- Dell’s Pro Max GB10 remains unavailable, while Asus ships its own powerful GB10 system
- The Asus Ascent GX10 offers petaflop performance in a compact desktop package
- AI developers can buy Asus’ Grace Blackwell PC now for $4100
Dell’s upcoming Pro Max GB10 AI workstation looks like a stylish piece of kit, but unfortunately it’s not available to buy at the moment.
The system, built around Nvidia’s new Grace Blackwell GB10 Superchip, is listed with a “notify me when available” status on Dell’s website, with no indication of when that might be.
If you can’t wait for it to go on sale and you don’t mind looking elsewhere, Asus already offers its own AI-focused desktop, the Ascent GX10.
First out of the gate
Asus’ mini beast uses the same GB10 hardware and can be ordered right now from Viperatech for $4100. The dealer says it will ship within ten days.
Both systems, and others from e.g. Acer, is designed for researchers and developers who want data center-level power in a workstation-sized package.
The GB10 chip merges CPU and GPU resources into a single device, delivering up to a petaflop of FP4 computing performance.
It comes with 128 GB of LPDDR5x unified memory and supports models with up to 200 billion parameters, a scale that was once limited to large server clusters.

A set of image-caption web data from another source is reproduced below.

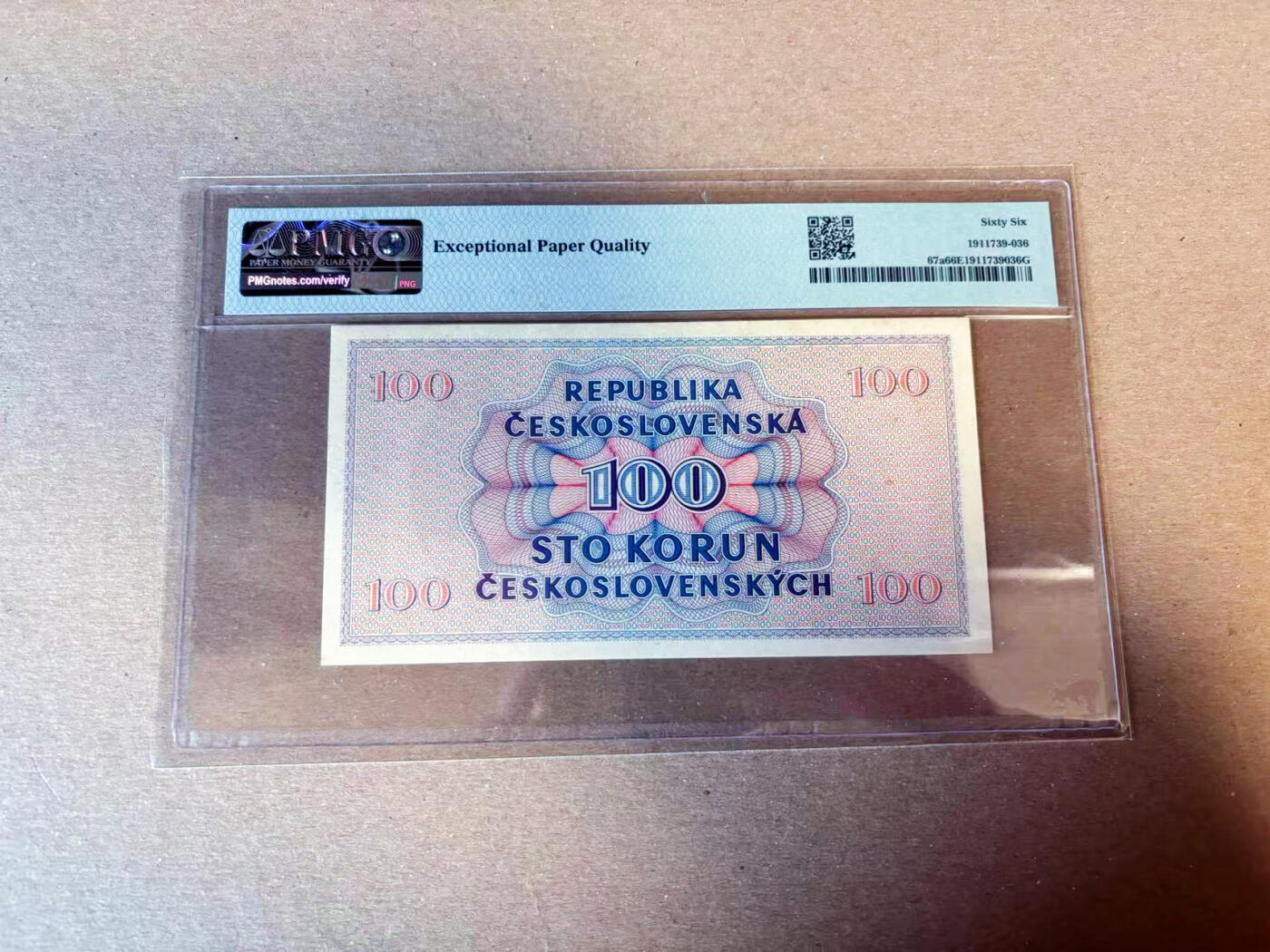 【Blue Auction】✨世界纸币精拍第622期【精】 【无47实钞】捷斯 1945年100克朗 PMG66EPQ 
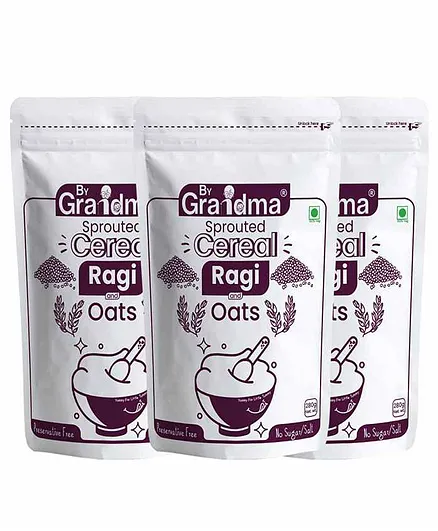 ByGrandma Sprouted Cereal Ragi And Oats Pack of 3 - 280 gm Each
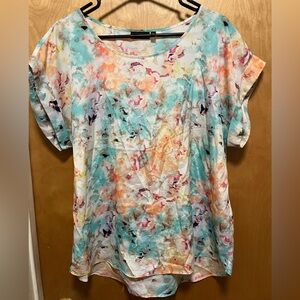 Apt. 9 Multicolor Watercolor Floral Blouse Size L Silky Cuffed Sleeve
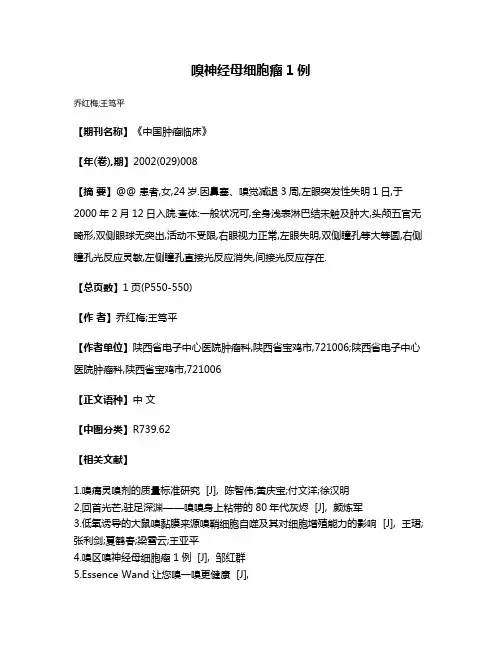 嗅神经母细胞瘤1例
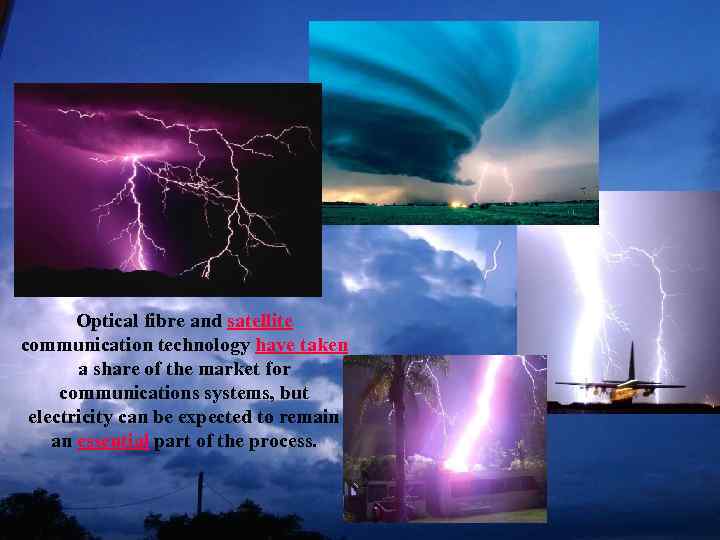 Optical fibre and satellite communication technology have taken a share of the market for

It has an ARM v9.2-A CPU paired with Nvidia’s integrated Blackwell GPU running on the Grace Blackwell architecture.
Storage options range from 1 TB PCIe 4.0 NVMe SSDs up to 4 TB PCIe 5.0 drives, providing ample space for datasets and project files.
Connectivity comes in the form of Wi-Fi 7, Bluetooth 5 and 10G Ethernet.
Ports include multiple USB 3.2 Gen 2×2 Type-C ports, one of which supports 180W power delivery along with HDMI 2.1 for external displays.
Measuring just 150mm square by 51mm tall and weighing 1.48kg, the GX10 is small but mighty and comes with advanced thermal management to keep things cool and running smoothly even under heavy load.
It also supports dual-system stacking through Nvidia’s ConnectX-7 network and NVLink-C2C interface, enabling local computing expansion.
For developers eager to experiment with large-scale AI models, Asus offers one of the few off-the-shelf systems based on Nvidia’s latest architecture.